Rasulullah shallallahu ‘alaihi wa sallam berkata, “Sambunglah hubungan silaturahmi dengan ibumu.” (HR. Muslim no. 1003)

2. Menjawab salam mereka.

Rasulullah shallallahu ‘alaihi wa sallam bersabda,
لَا تَبْدَؤُوا الْيَهُودَ وَلاَ النَّصَارَى بِالسَّلَامِ
“Janganlah kalian mengucapkan salam kepada Yahudi dan Nasrani.” (HR. Muslim no. 2167)
Dalam hadits lain,
إِذَا سَلَّمَ عَلَيْكُمْ أَهْلُ الْكِتَابِ فَقُولُواوَعَلَيْكُمْ
Jika ahlul kitab mengucapkan salam kepada kalian, jawablah, “Untuk kalian juga.” (HR. Muslim no. 2163)

3. Menjenguk mereka yang sakit, jika diharapkan keislamannya.

Rasulullah shallallahu ‘alaihi wa sallam pernah menjenguk seorang pemuda Yahudi yang sedang sakit. Beliau shallallahu ‘alaihi wa sallam kemudian mengajaknya masuk Islam. Pemuda itu pun masuk Islam sebelum meninggalnya.

4. Tetap menjaga perjanjian selama mereka tidak mengingkari/membatalkannya.

Di dalam surat at-Taubah, Allah ‘azza wa jalla berfirman,
فَمَا ٱسۡتَقَٰمُواْ لَكُمۡ فَٱسۡتَقِيمُواْ لَهُمۡۚ إِنَّ ٱللَّهَ يُحِبُّ ٱلۡمُتَّقِينَ ٧
“Selama mereka terus menjaga perjanjian dengan kalian maka terus penuhi perjanjian dengan mereka.
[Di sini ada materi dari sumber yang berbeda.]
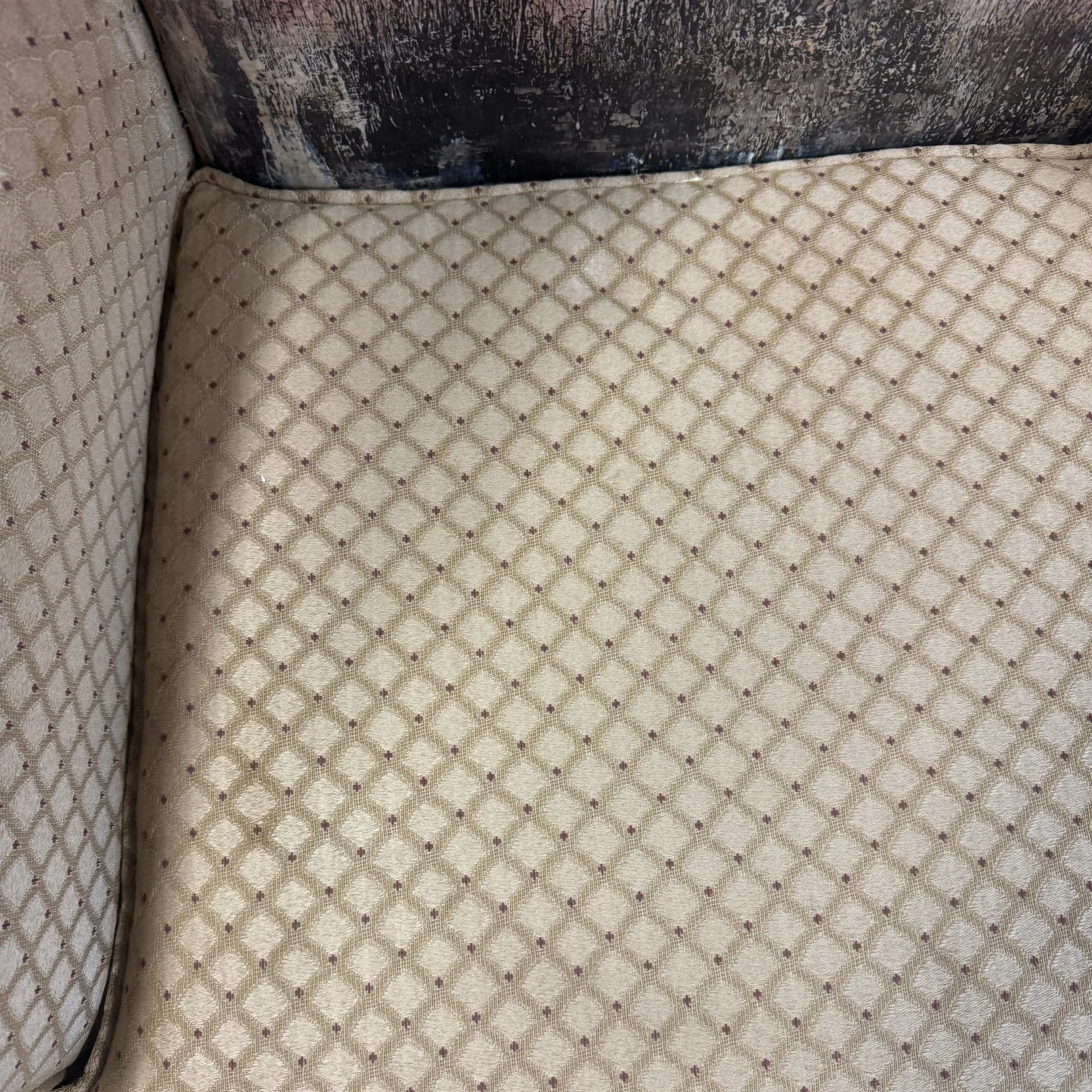 Pair of Wingback Chairs with Cowgirl Painting - Image 7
Sesungguhnya Allah cinta kepada orang bertakwa.” (at-Taubah: 7)

5. Terjaganya darah kafir dzimmi, mu’ahad, dan musta’min.

Ketika menerangkan bahwa ayat Allah ‘azza wa jalla,
وَلَا تَقۡتُلُواْ ٱلنَّفۡسَ ٱلَّتِي حَرَّمَ ٱللَّهُ إِلَّا بِٱلۡحَقِّ
“Janganlah kalian membunuh jiwa yang diharamkan dibunuh kecuali dengan sebab yang benar.” (al-An’am: 151)
Asy-Syaikh Muhammad bin Shalih al-Utsaimin rahimahullah menjelaskan bahwa jiwa yang diharamkan adalah jiwa muslim, kafir dzimmi, kafir mu’ahad dan kafir musta’min.